Your goal ::
Transcribe exactly, and only, the lines running from the one with "Pastel Blue Sleeveless Crop Tank Top" to the end of the entries below, both included, without any pictures.

Extracted material ::
**********
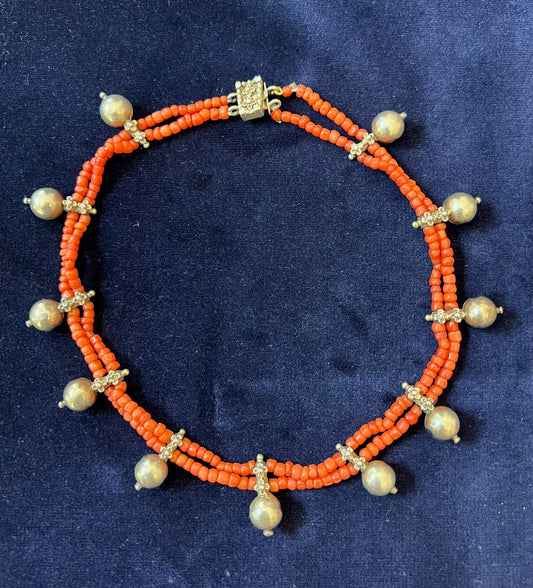 Antique Coral and Gold Beaded Necklace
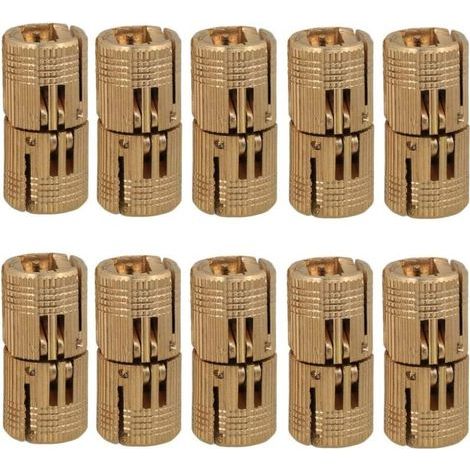 10 Pcs Charnières Cylindriques en Laiton, Caché Charnière Invisible Tonneau pour DIY Porte en Bois Armoire Caravane, 10 mm (1/4)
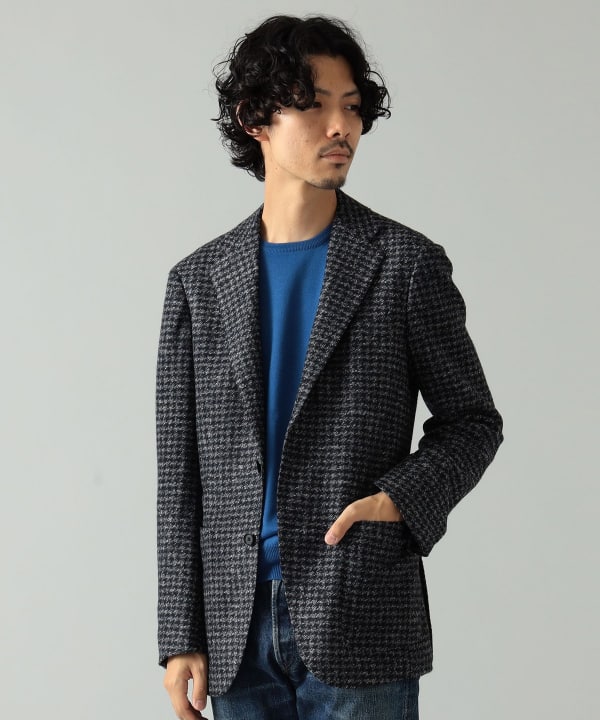 BEAMS F BEAMS BEAMS F / NEW EASY mixed fabric houndstooth jacket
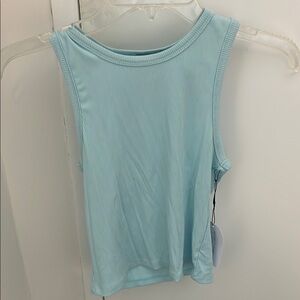 Pastel Blue Sleeveless Crop Tank Top
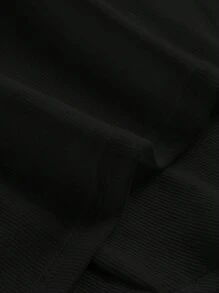 SHEIN MOD Áo khoác và áo lót dành cho xe tăng nữ Bất đối xứng Thắt nơ trước Nếp gấp Phần Ngực màu trơn Giải trí - màu đen - Xem 3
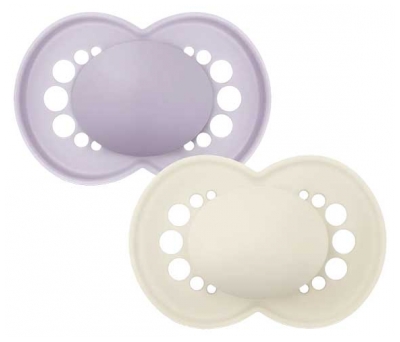 MAM 2 Sucettes Original Tendance Dès 6 Mois - Couleur : Mauve et Beige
**********
Completed task ::
 Pastel Blue Sleeveless Crop Tank Top
 SHEIN MOD Áo khoác và áo lót dành cho xe tăng nữ Bất đối xứng Thắt nơ trước Nếp gấp Phần Ngực màu trơn Giải trí - màu đen - Xem 3
 MAM 2 Sucettes Original Tendance Dès 6 Mois - Couleur : Mauve et Beige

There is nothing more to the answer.